It is hard to say exactly what impact President-elect Donald Trump might have on the fight to slow human-caused climate change — for two reasons.
First is that Trump has not been particularly clear on his views, though he leaves little reason for hope. He has at times sounded like a wholesale climate denier and conspiracy theorist, such as when he claimed global warming is a hoax.
At other times he has taken a slightly more conciliatory tone. The last word the country has had from the next president was widely interpreted as falling into the latter category; he told the New York Times that “there is some connectivity” between human action and the warming of the planet and that he is keeping “an open mind” on the matter.
The reaction to Trump’s latest statement was almost certainly too optimistic: Trump also claimed that “I’m not sure anybody is ever going to really know” what the facts on climate change are, though the scientific community has dedicated decades of study to the issue and is near-unanimous in its concern.
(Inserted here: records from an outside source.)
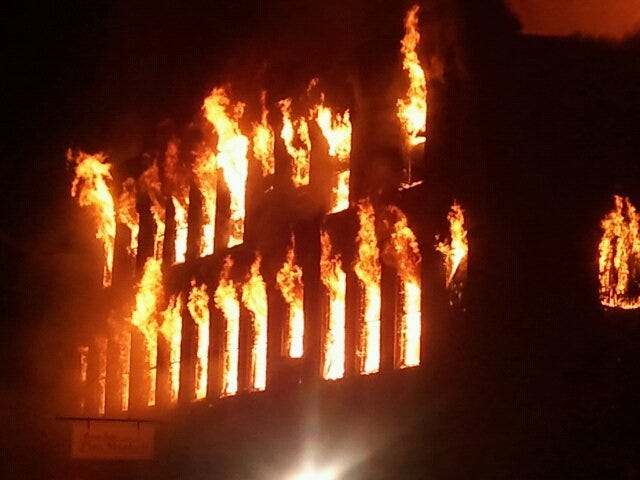 Flames burst through the windows of Garver's Flea Market building at Strasburg on Wednesday night.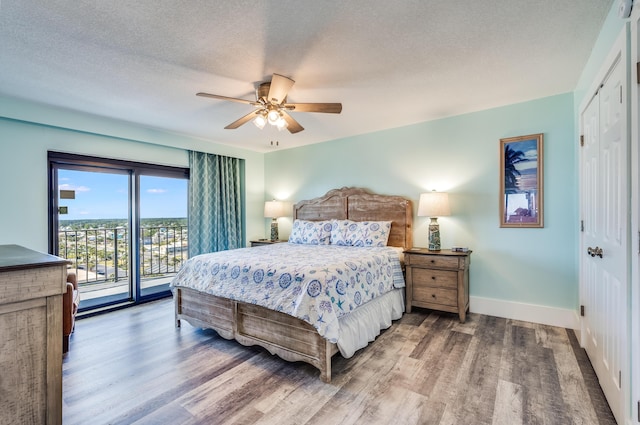 6201 Thomas Dr Unit 1510, Panama City Beach, FL 32408 - bedroom featuring wood finished floors, a textured ceiling, access to outside, baseboards, and ceiling fan
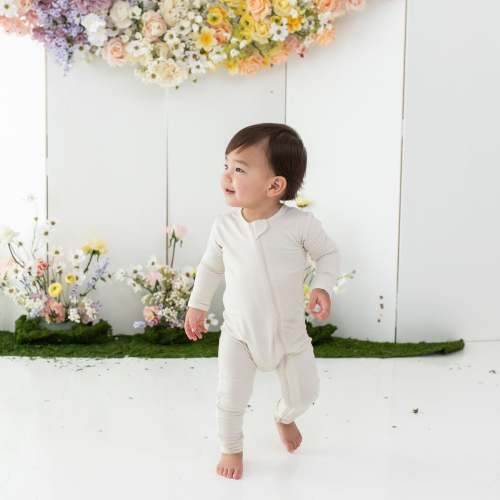 6-12M- Kyte Baby Zippered Romper in Ecru
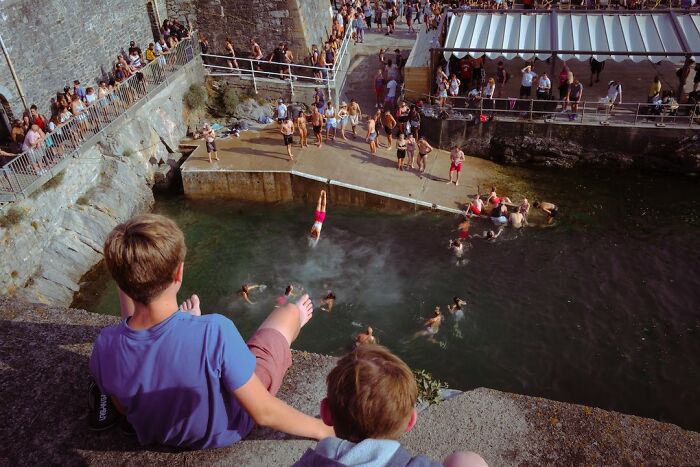 Children swimming and diving in a natural pool with a crowd watching, capturing beautiful childhood moments worldwide.
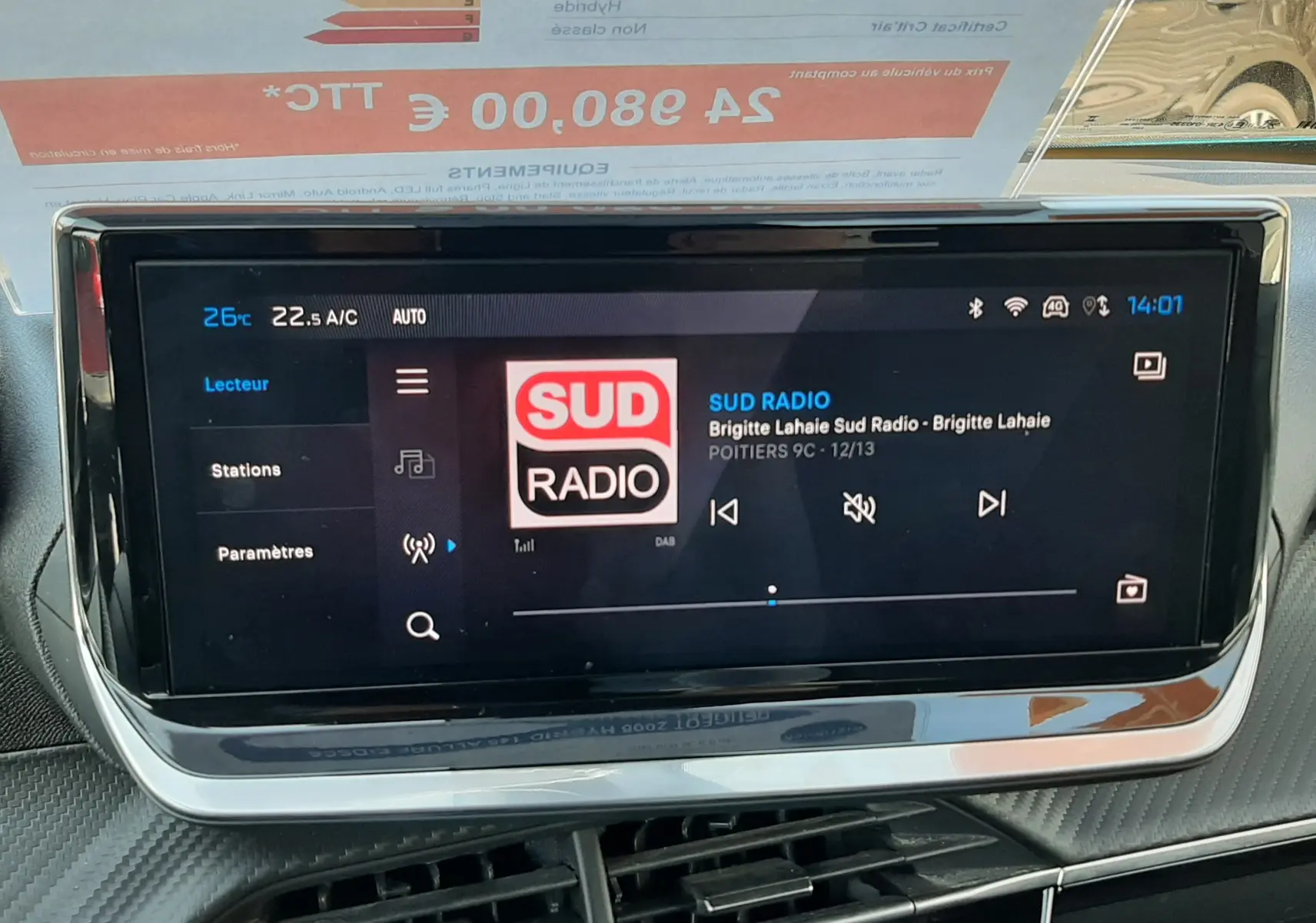 Écran tactile central du tableau de bord du Peugeot 2008 Hybrid 145 Allure en bleu Obsession, affichant la radio Sud Radio.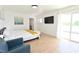 Spacious main bedroom featuring a large bed, a comfortable blue chair, and private balcony access at 4193 W Warm Springs Rd, Las Vegas, NV 89118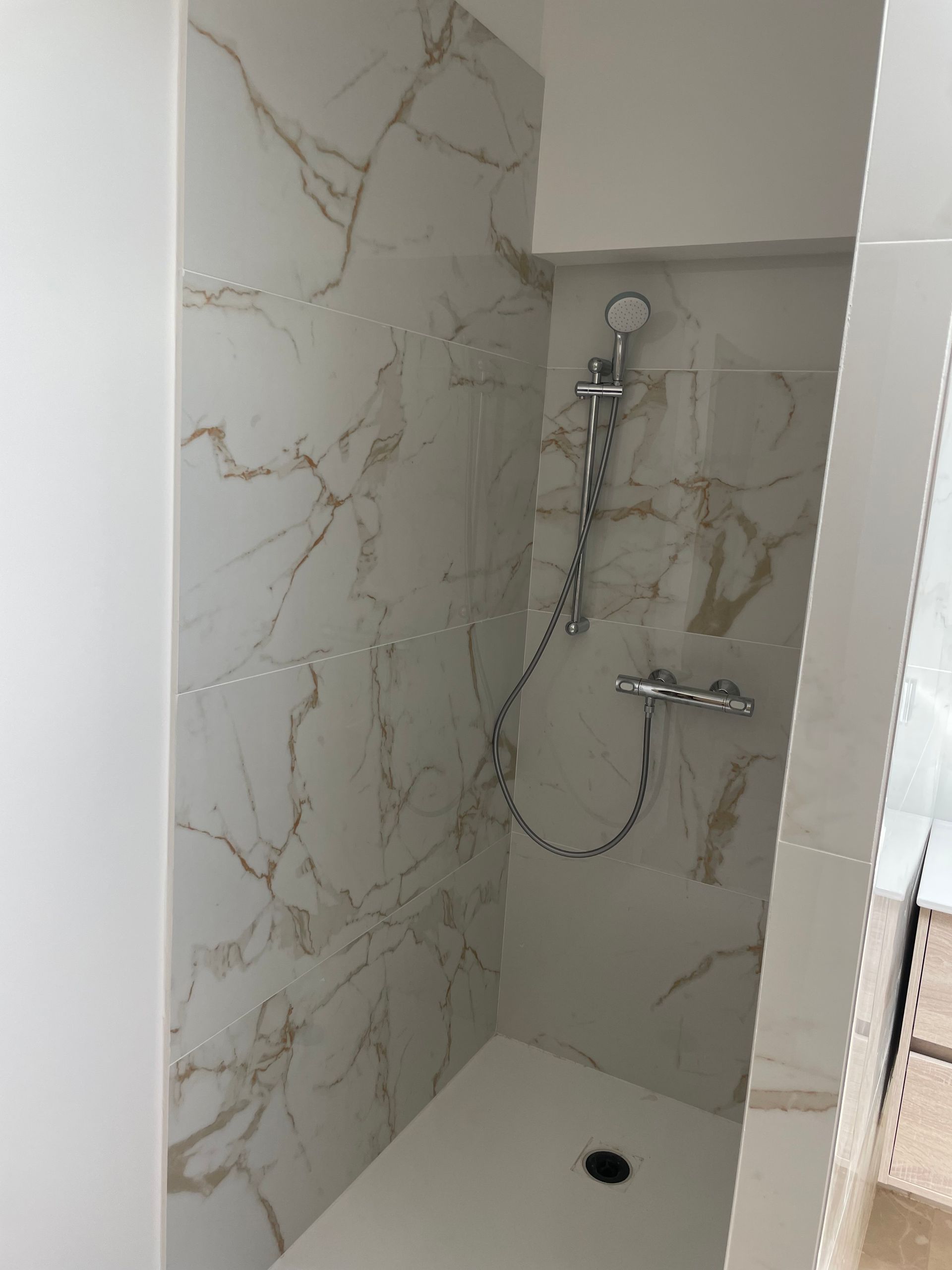 Pose de carrelage imitation marbre blanc veine or pour une douche italienne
Trump also promised to cancel “job-killing” energy regulations in a post-election YouTube video, and his incoming chief of staff, Reince Priebus, assured Fox News viewers that his “default position” is that “most of it is a bunch of bunk.”
All that suggests Trump is unlikely to treat global warming as the threat it is and that he will favor fossil fuel interests when he is in the White House.
How that translates into policy changes, however, is also unpredictable — and offers slightly more reason for hope. Reversing federal rules takes time and sustained effort, and courts do not always allow regulatory changes. Congress could help Trump gut environmental protections, but the Senate, with its narrow Republican majority, may balk. The George W. Bush administration was pretty favorable to fossil fuels, but, for all its effort, it failed to change many enduring environmental programs.
The United States is still on track to lower its emissions in a way that could maintain some of its credibility on the international stage, in part because utilities have substituted cheap natural gas, which Trump favors, for coal. That trend, along with a continuation of federal renewables subsidies already written into law and the progress of various state-level efforts, will put downward pressure on the country’s carbon emissions. These factors are not nearly enough to transition off dirty energy in the long run, but they do mean that even if Trump foolishly defies the warnings of experts, there may be ways to limit the damage over the next four years.
Given that Trump does not want to undermine the success of natural gas, that he cannot control the actions of states and cities, and that he will not eliminate every pro-renewables policy on the federal level, the next administration should ask itself why it would pull out of the Paris agreement, an international climate deal that took decades to strike. Doing so would relieve pressure on China, India and other big emitters to contain their emissions. If the United States is going to constrain its carbon footprint, anyway, why let other countries off the hook?